Work order »
Take nothing but the lines from the one with "an eye with" through the one with "Product image 5" in the entries below, both ends kept, and return them exactly with pictures left out.

**** Available data ****

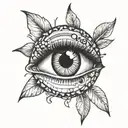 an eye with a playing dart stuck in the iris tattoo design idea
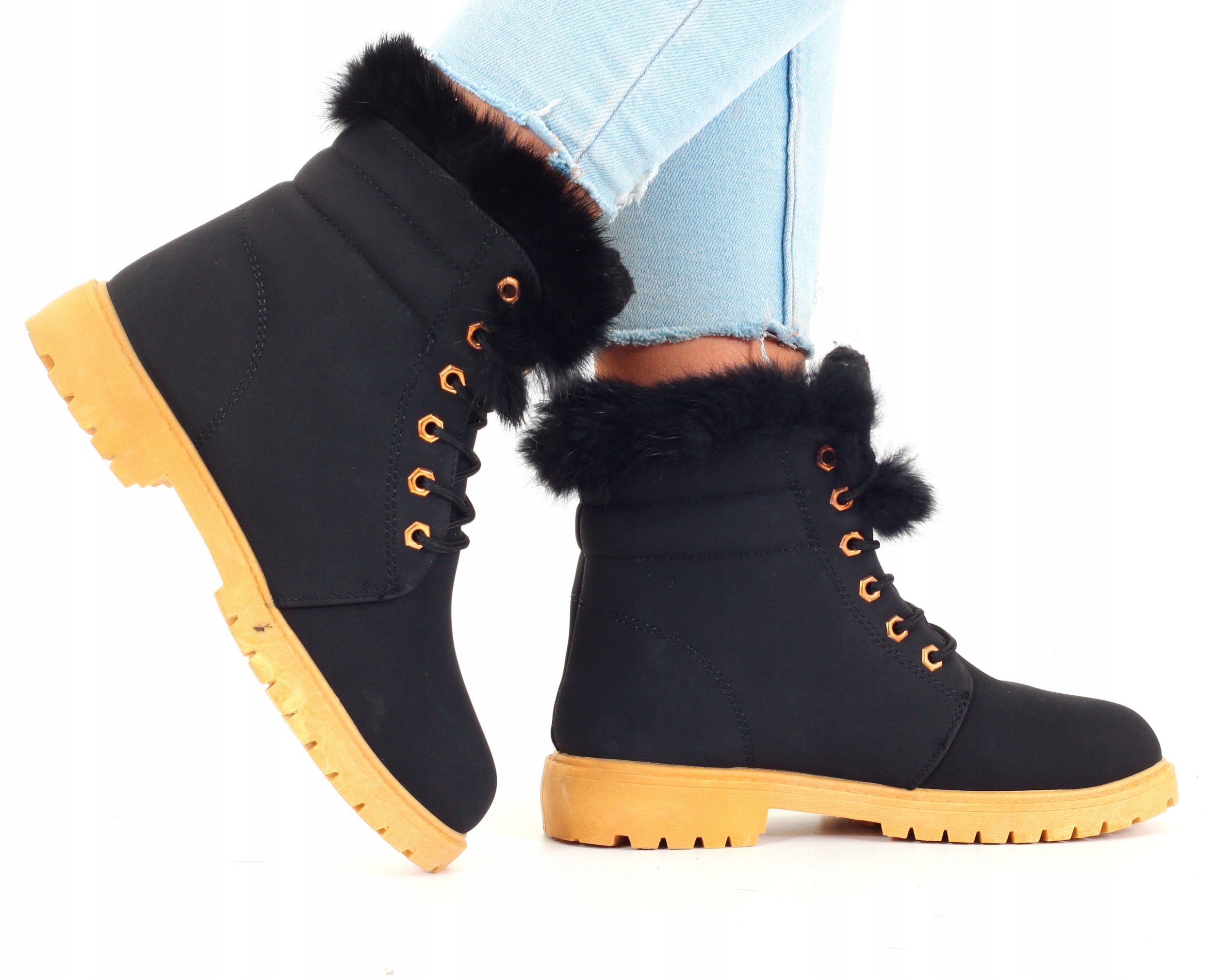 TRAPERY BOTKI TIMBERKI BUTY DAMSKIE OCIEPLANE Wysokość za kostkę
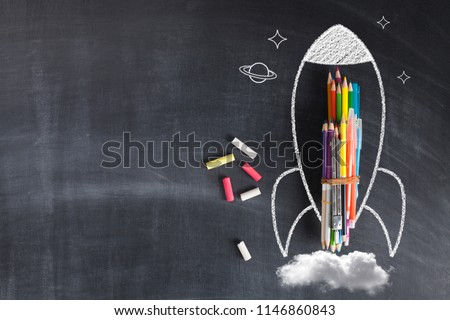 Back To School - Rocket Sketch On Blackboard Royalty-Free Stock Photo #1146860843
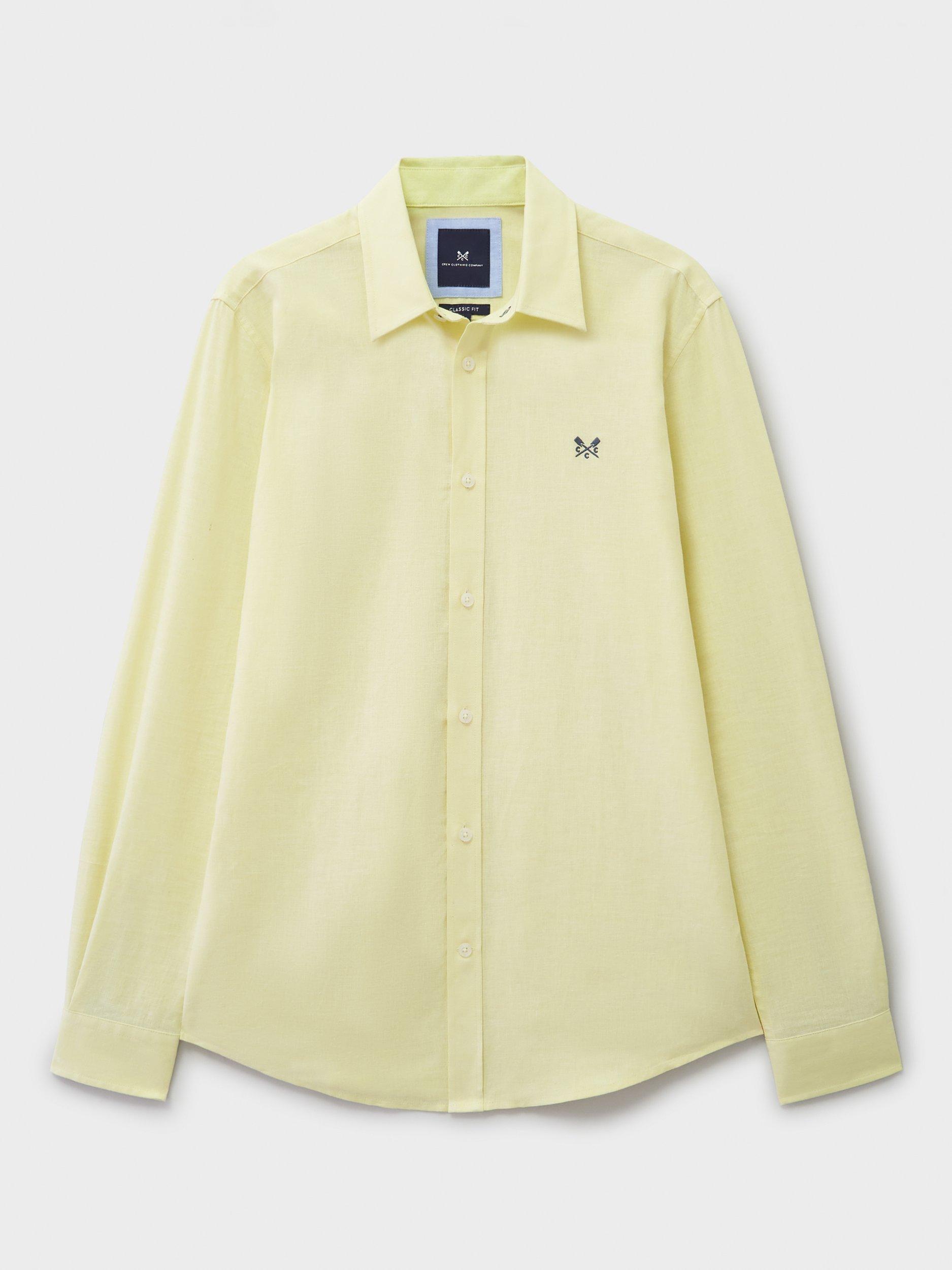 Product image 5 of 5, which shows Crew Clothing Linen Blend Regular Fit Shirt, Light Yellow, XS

****
**** Available data ****

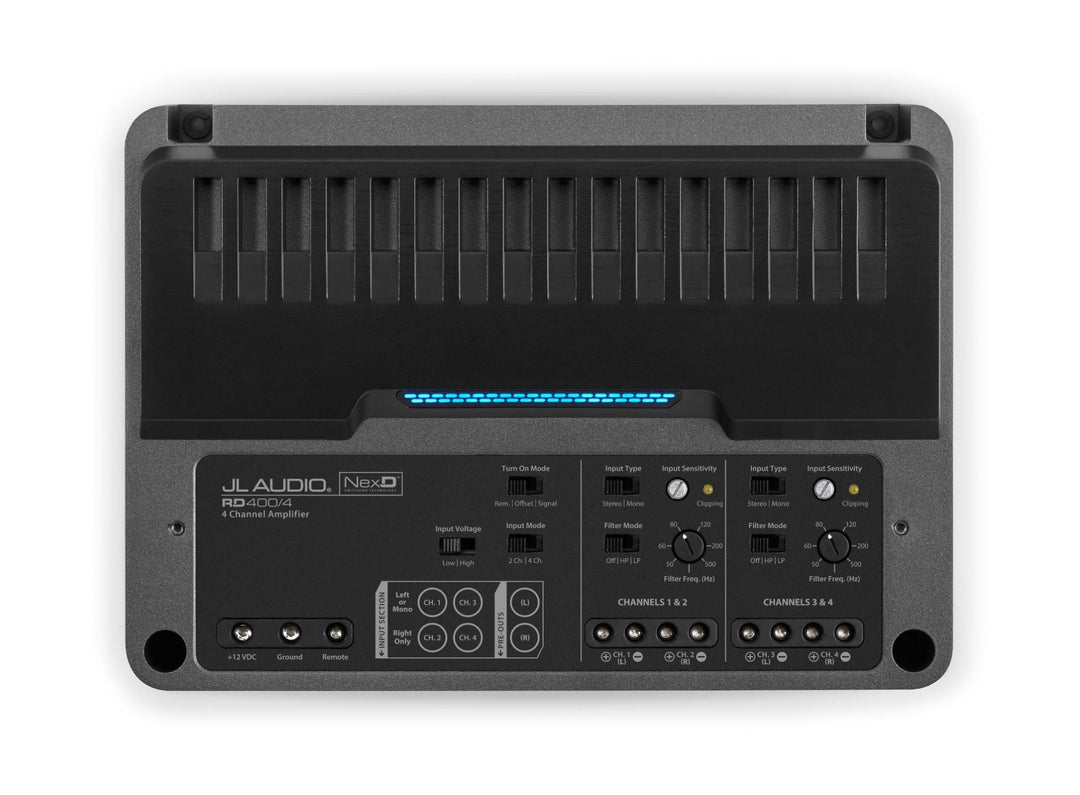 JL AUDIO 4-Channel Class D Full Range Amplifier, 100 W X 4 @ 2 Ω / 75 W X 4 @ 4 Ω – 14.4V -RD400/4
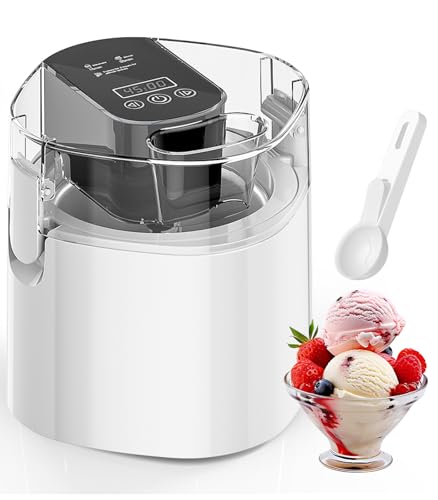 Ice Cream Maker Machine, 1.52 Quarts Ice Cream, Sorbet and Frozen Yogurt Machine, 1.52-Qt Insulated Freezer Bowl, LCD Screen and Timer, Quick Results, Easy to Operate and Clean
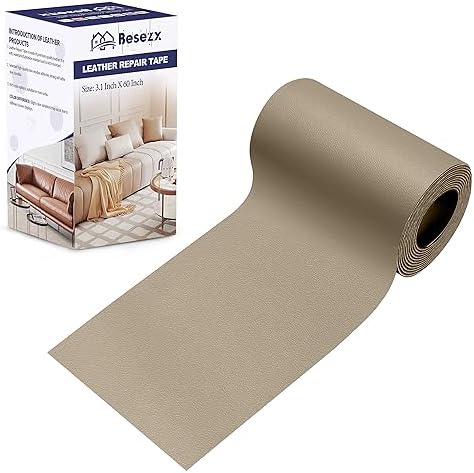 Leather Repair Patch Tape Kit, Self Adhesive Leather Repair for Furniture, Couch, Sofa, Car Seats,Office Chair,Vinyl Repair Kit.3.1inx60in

****

Output of the exercise »
 an eye with a playing dart stuck in the iris tattoo design idea
 TRAPERY BOTKI TIMBERKI BUTY DAMSKIE OCIEPLANE Wysokość za kostkę
 Back To School - Rocket Sketch On Blackboard Royalty-Free Stock Photo #1146860843
 Product image 5 of 5, which shows Crew Clothing Linen Blend Regular Fit Shirt, Light Yellow, XS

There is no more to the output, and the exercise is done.